Sébastien Ristori est analyste financier, diplômé d’un master en administration des entreprises, d’un MBA finance, certifié en finance par HEC Paris. Directeur du groupe Barnes Corse, enseignant en finance d’entreprise à l’Université de Corse et auteur aux éditions Ellipses, il publie « les clés de la finance d’entreprise » aux Éditions Ellipses, le 4ème tome d’une collection de 6 ouvrages en gestion. Ce livre est un mode d’emploi pour les dirigeants d’entreprise et les directeurs financiers.



Sébastien Ristori
Sébastien Ristori


- Vous publiez votre 4ème ouvrage. Que peut-on découvrir dans ce dernier livre ?
- "Les clés de la finance d’entreprise" proposent un programme complet d’un niveau Master 1 de grande école de commerce dans cette discipline. Un prochain ouvrage suivra sur la thématique de la finance approfondie. Cet ouvrage de bon niveau traite des fondamentaux comptables à maîtriser pour comprendre les opérations financières. Une seconde partie propose une méthodologie complète et éprouvée pour mener un diagnostic financier. Une troisième partie est consacrée à l’évaluation de société et des investissements puis une dernière partie présentent les titres financiers, les financements et les opérations de politiques financières de l’entreprise. L’ouvrage est conçu comme un guide pratique à tous ceux qui souhaitent approfondir leurs connaissances en finance, pour sortir du champ des seuls montants comptables et déterminer des valeurs financières.
 
- Quelle est la particularité des fonctions finance dans les entreprises ?
- La fonction finance est au carrefour de toutes les autres disciplines de gestion, la comptabilité, les ressources humaines, le marketing, la négociation et le droit. Le financier d’entreprise doit détenir une forte vision d’ensemble de la stratégie de l’entreprise et est un co-pilote indispensable aux dirigeants d’entreprises. Il doit, à mon sens, n’avoir qu’une boussole : créer de la valeur pour l’entreprise.
 
- Comment crée-t-on de la valeur ?
- La valeur est le principe selon lequel une entreprise doit être valorisée à la hausse. Par construction, les actions détenues par les actionnaires voient leurs valeurs croître. C’est sur cette hausse de valeur qu’un actionnaire s’enrichit. Mais avant d’en arriver là, l’entreprise doit se concentrer sur d’autres types de valeur : tout d’abord, il faut créer de la valeur dans les produits et services que l’on propose, pour attirer et fidéliser un client. Ensuite, il faut créer de la valeur aux yeux de ses collaborateurs, pour continuer d’attirer des talents, pour assurer une productivité et une qualité des produits. Ensuite, si les résultats de l’entreprise sont supérieurs au taux de rendement généralement requis sur le secteur d’activité, l’entreprise délivrera de la valeur à ses actionnaires. Ce triptyque de la valeur est indissociable de la valeur globale de l’entreprise : le client, le collaborateur, l’actionnaire !
 
- La fonction finance a largement évolué, puisque désormais, on parle de finance verte ?

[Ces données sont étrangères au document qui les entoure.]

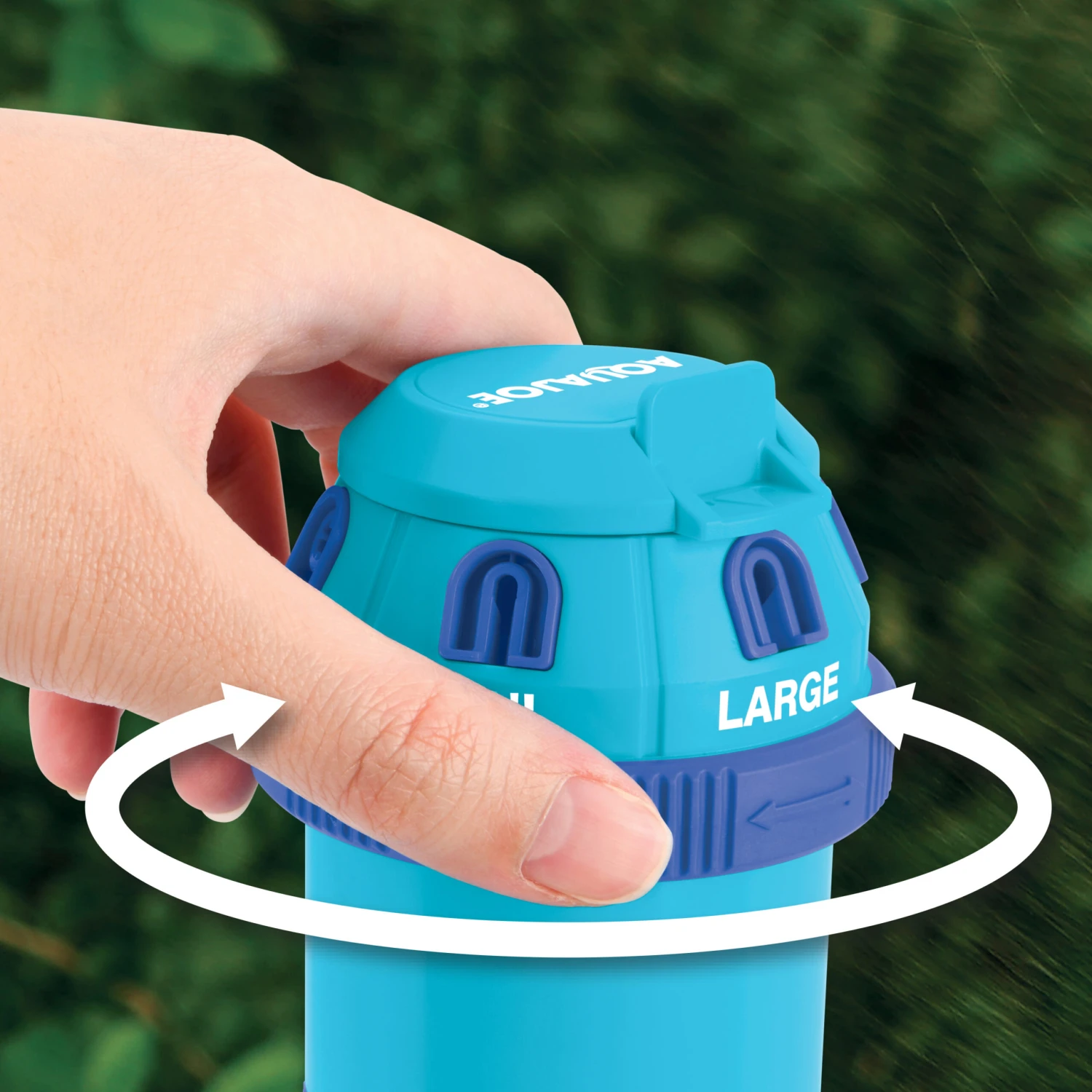 Aqua Joe AJ-ISGD Turbo Drive 360° Sprinkler | Indestructible Zinc | 6 Spray Patterns | 5,300 Sq. Ft. Max Coverage 11 Aqua Joe AJ-ISGD Turbo Drive 360° Sprinkler | Indestructible Zinc | 6 Spray Patterns | 5,300 Sq. Ft. Max Coverage - Image 9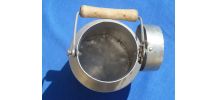 bidon  a lait en  aluminium , vintage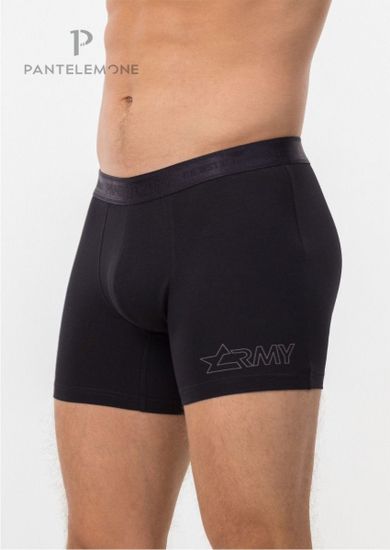 Трусы мужские боксеры удлинённые Pantelemone PMHL-1541, черный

- La finance est sur le banc des accusés concernant le climat. Elle a été responsable, à cause de milliers de personnes à l’échelle mondiale, de dégâts considérables au cours des années 2008-2015 ou il était possible de gagner beaucoup sans se soucier de la capacité de remboursement des uns et des autres, et conduisant, lors de crises majeures, des millions d’individus sans emplois et dans la précarité. Au-delà de ça, le financement de lourds projets industriels polluants ne respectant aucune contrainte ni l’environnement, ni même parfois de règles ou principes éthiques sur l’ensemble de la chaine de valeur n’a pas redoré l’image de la discipline. Or, la finance est un outil au service des entreprises.
 
- Quelles sont les perspectives sur ce champ d’action ?
- Les mesures sur le champ de la finance verte ne datent pas d’hier. On parle enfin de durabilité depuis les épisodes de la crise sanitaire, des désastres climatiques récents comme le dôme de chaleur au Canada. Et bien que trop peu d’entreprises ont encore réagi, les banques centrales, les plus grandes entreprises et plusieurs pays, notamment sous l’impulsion des rapports du GIEC, dont le dernier est catastrophique, nous pousse à opter pour des mesures décisives en termes d’amélioration du climat. Cela fait un moment que plusieurs entreprises, à l’instar de Danone, comme société à mission, se sont donné pour objectif de drastiquement réduire leur empreinte carbone. Aujourd’hui, les entreprises cotées à plus de 20M€ de total bilan, 40Meuros de CA et plus de 500 salariés ou les sociétés non cotées de plus de 100M€ de total bilan, 100M€ de CA et 500 salariés ont l’obligation de réaliser une déclaration de performance extrafinancière. Cette déclaration est d’ailleurs extrêmement fournie d’information : Elle explique le modèle économique de l’entreprise et détaille les mesures prises par l’entreprise pour lutter contre les gaz à effet de serre, les moyens mis en œuvre à cet effet, les politiques RH adaptés au développement de son personnel et les axes correctifs pour lutter contre la corruption. Pour les plus grandes entreprises, des sociétés spécialisées en notation verte viennent scorer les entreprises à partir d’une grille de lecture adaptée pour donner une note « verte ». De plus en plus de fonds d’investissement privés, ou de gestionnaire de titres utilisent ces critères pour flécher les investissements. D’ailleurs, le métier « d’analyste ESG », très complémentaire au métier d’analyste financier, s’est développé. Il a pour vocation de dresser un état des lieux complets en matière des pratiques ESG des entreprises. Cela permet de flécher des fonds sur des sociétés plus vertes. Des outils comme les obligations vertes ou durables destinées uniquement à ces financements sont utilisés.
 
- Que signifie ESG ?
- E. pour Environnement, qui comprend la capacité d’une entreprise à réduire son empreinte carbone, par la diminution de ses consommations d’énergie, la réduction des polluants et des déchets dans son fonctionnement quotidien et surtout, la sensibilisation de l’ensemble de sa chaine de valeur à ses pratiques. S. pour sociétal, car l’humain est au cœur de l’entrepreneuriat d’aujourd’hui : L’équité dans les rémunérations, les responsabilités partagées, la prise en compte de la nouvelle dimension au travail, l’inclusion des personnes en difficulté sont autant d’actions qui améliorent les conditions de vie et par ricochet, l’empreinte environnementale. Enfin, G pour Gouvernance, qui traduit tous les efforts nécessaires à réaliser pour une direction efficace, éthique, responsable et qui influence positivement les décisions de l’entreprise.
 
- Quelles évolutions désormais pour la finance de demain ?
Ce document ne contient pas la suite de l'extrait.